All I want to do is feed you poems and offer what little I know, and yet.
I also want to do everything else.
Here, with summer running out of its runway, I want to be with it entirely.
I want to make lovely little snack plates every night, so I can have a little bit of a lot of things.
I want to attend to my little small dog with all the love and attentiveness and patience I have in my heart, and make sure she can drain her little weasel every hour on the hour, as her body is tiny and her tiny bladder tinier, and with all the meds, and also miles on the engine, you know, she pees a lot. Sometimes inside. We get to choose what bothers us. This doesn’t.
I want to read a book of poems a day, and spend hours rolling around with my own; I want to locate my joy in the absolute mess of it, to tear these words apart and put them back together again, in all the ways I’m learning they’d like to go.
I want to see my friends, outside and gorgeous, where we can eat olives and smuggle smirks and tell ourselves it’s safe, we’re safe together.
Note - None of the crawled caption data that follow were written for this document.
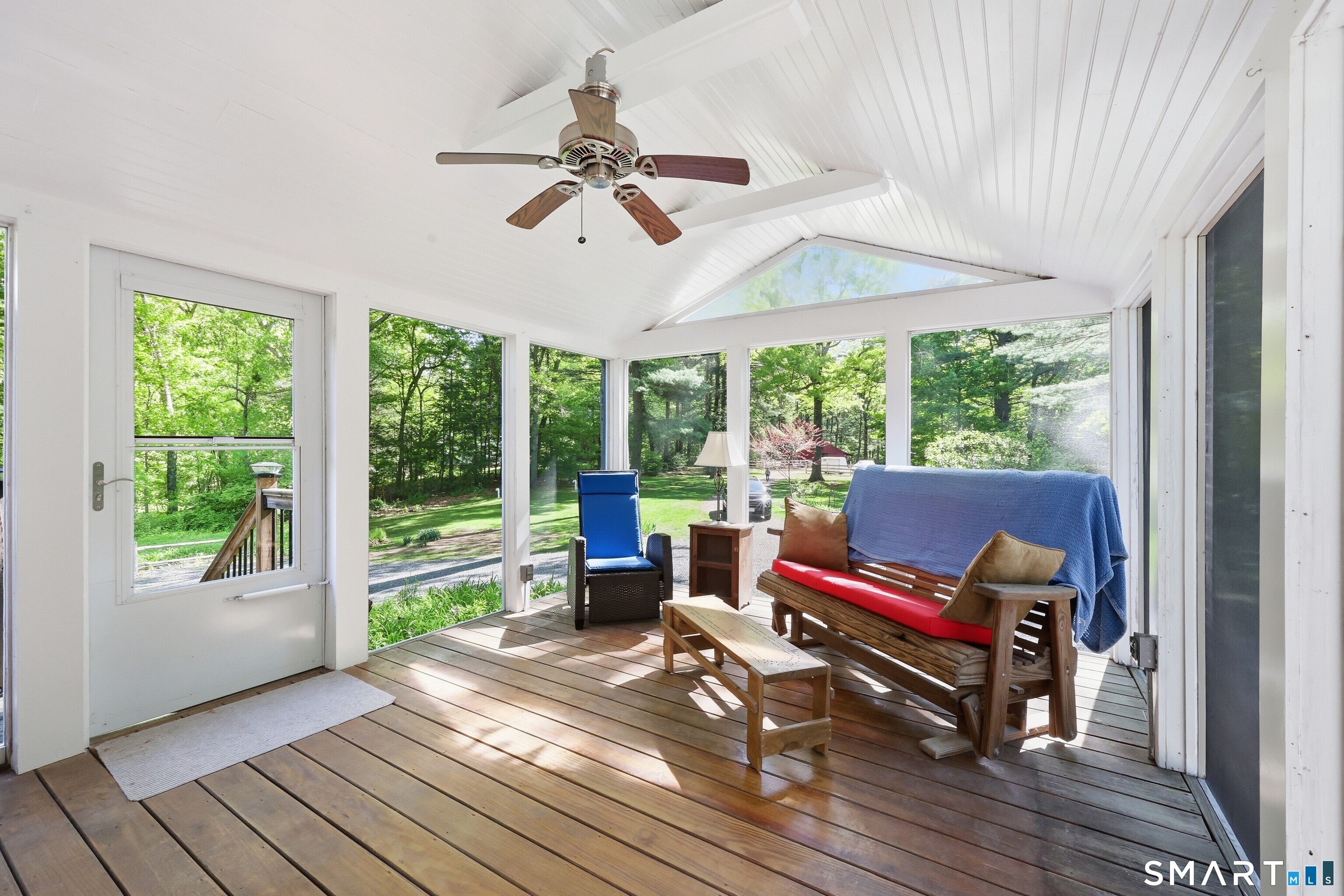 174 Canton Road Granby, CT 06035 - Photo 20 of 35 a living room with furniture and a floor to ceiling window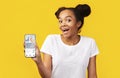 Black Girl Showing Smartphone With Physical Activity Application, Yellow Background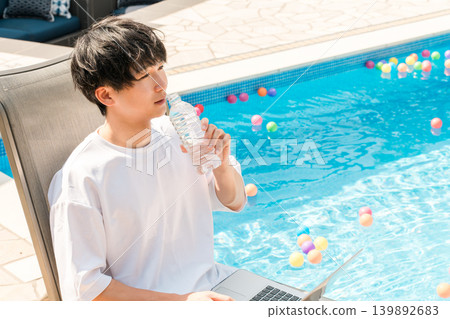 年輕的亞洲男子坐在泳池邊的躺椅上補充水分 139892683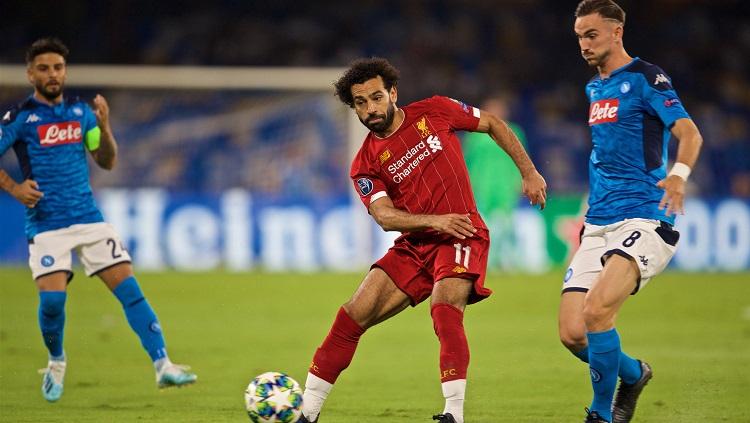 Pemain Liverpool, Mohamed Salah, berduel dengan dua pemain Napoli di matchday pertama Liga Champions 2019/20, Rabu (18/9/19) dini hari WIB. Copyright: Twitter @LFC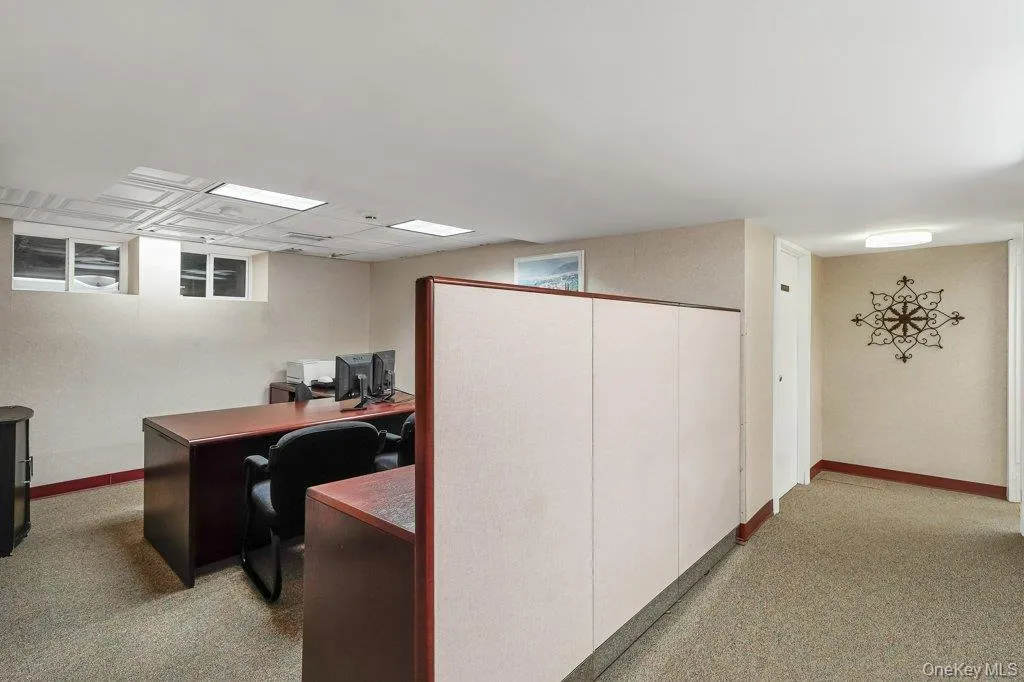 Home office featuring light colored carpet Home office featuring light colored carpet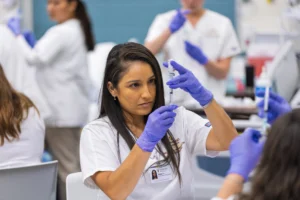 A Valparaiso University accelerated nursing student wearing white scrubs and purple gloves prepares a syringe in a simulation lab.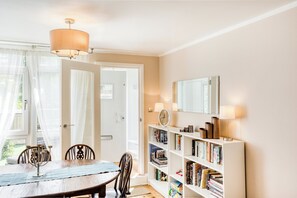 Un coin repas avec une table et des chaises, une bibliothèque remplie de livres, une horloge et un miroir accroché au mur.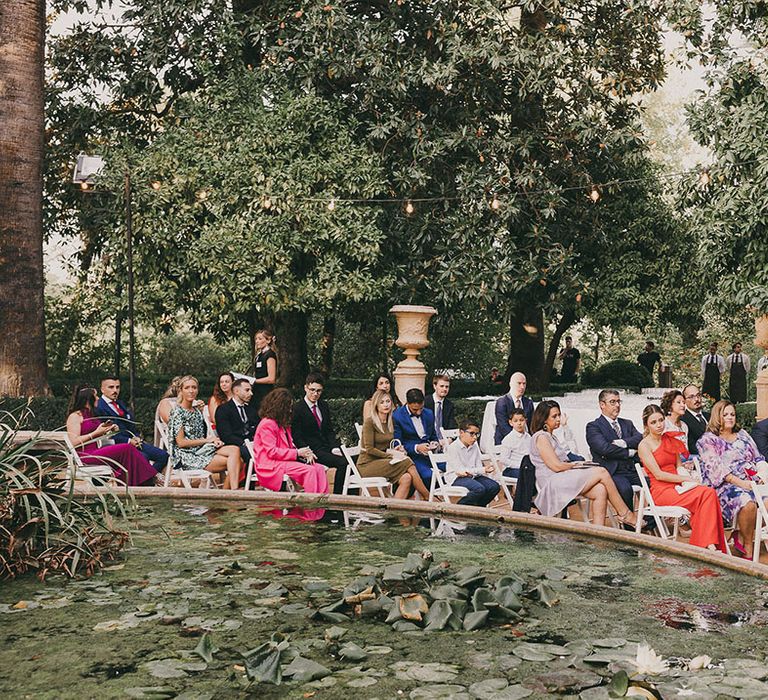 wedding guests at outdoor wedding ceremony in Spain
I want to spend hours and hours touching grass and shaking off sand and laughing our dumb fucking heads off, I want my friends, my friends, my friends, with me as long as we’ll have each other, I want a world to makes us possible.
I want to make my house beautiful. And reasonably tidy. I want everything everywhere to have a place. I may settle for not a disaster.
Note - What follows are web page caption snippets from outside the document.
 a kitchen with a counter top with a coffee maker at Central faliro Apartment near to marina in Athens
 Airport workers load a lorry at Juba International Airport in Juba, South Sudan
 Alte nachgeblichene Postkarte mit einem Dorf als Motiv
I want to walk for miles with my friend who I married and the puppy he fell in love with the first time we saw him, who even at now a full year old is as infantwild as ever. I want to watch the dog play in the waves of Lake Michigan, and trot around the park with his tail held high, even as any dog close enough to smell him seems to want to kick or lick his ass to oblivion.
I want to do good work, as well as I can, at a pace I can manage forever.
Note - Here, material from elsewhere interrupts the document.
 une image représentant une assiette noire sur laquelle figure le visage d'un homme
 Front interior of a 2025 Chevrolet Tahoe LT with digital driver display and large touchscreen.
I want to see my parents. I want to build a home. I need to do laundry. I want to read cards for Belinda, and tend my small garden, and learn to bake bread even though I know better. My god, how I’ve become fixated this week with learning to make bread, despite baking being nowhere near my brain’s strong suit, the grams and the mystery of it, which I’m told is only science, which is simply not my particular magic. I read other stars.
What I’m saying is yet again, this week, I have failed to read you the poems that I want, or to write the words I’ve been needing to. They start like this: Lately it’s been harder to ignore the possibility of god.
There’s always next week.
Until then, I need you to have this. I share it all the time, always.
It’s never not near to my mind.
From Blossoms
by Li-Young Lee
From blossoms comes
this brown paper bag of peaches
we bought from the boy
at the bend in the road where we turned toward
signs painted Peaches.
From laden boughs, from hands,
from sweet fellowship in the bins,
comes nectar at the roadside, succulent
peaches we devour, dusty skin and all,
comes the familiar dust of summer, dust we eat.
O, to take what we love inside,
to carry within us an orchard, to eat
not only the skin, but the shade,
not only the sugar, but the days, to hold
the fruit in our hands, adore it, then bite into
the round jubilance of peach.
There are days we live
as if death were nowhere
in the background; from joy
to joy to joy, from wing to wing,
from blossom to blossom to
impossible blossom, to sweet impossible blossom.
Okay. I hope you can do the things that make you come to life today.